Problem to solve: The required output is the lines from the one with "Картинка отеля - 21" through the end of the data, repeated verbatim, with no pictures included.
*** Opening of Data provided ***
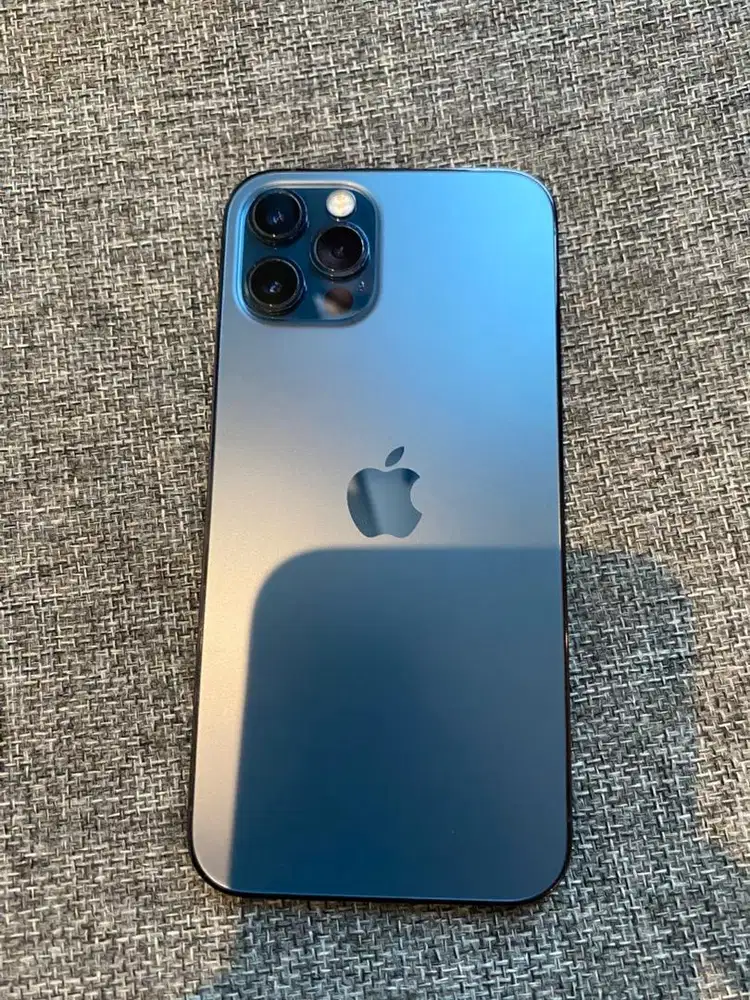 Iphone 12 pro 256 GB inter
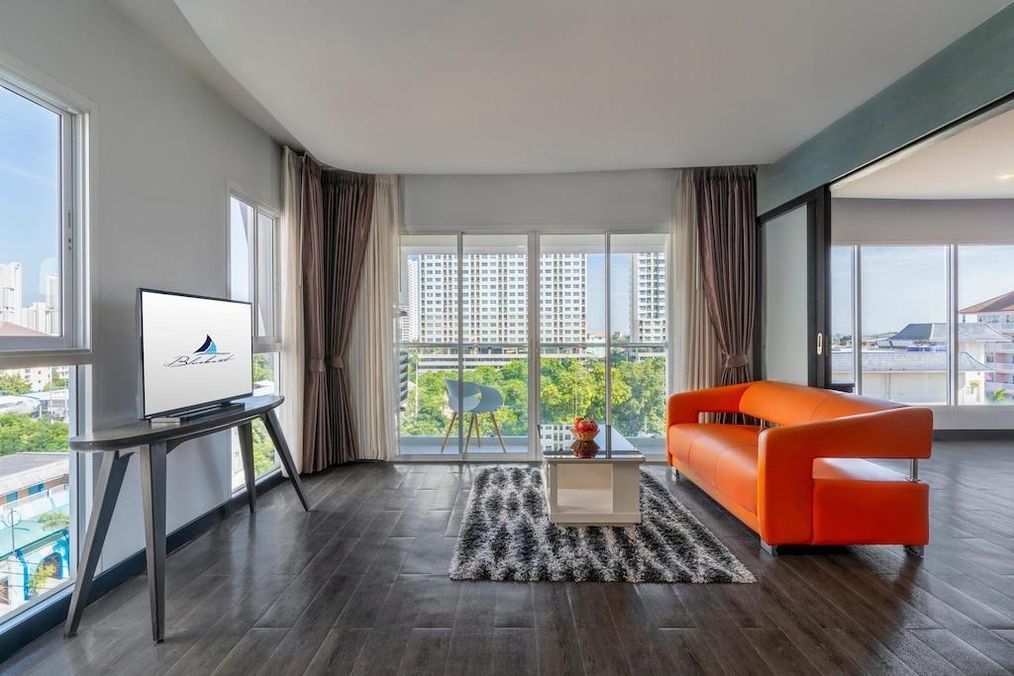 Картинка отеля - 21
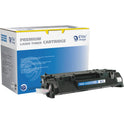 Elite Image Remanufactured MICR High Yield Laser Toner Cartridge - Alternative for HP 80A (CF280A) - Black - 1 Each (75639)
*** Close of Data provided ***
Exercise output:
 Картинка отеля - 21
 Elite Image Remanufactured MICR High Yield Laser Toner Cartridge - Alternative for HP 80A (CF280A) - Black - 1 Each (75639)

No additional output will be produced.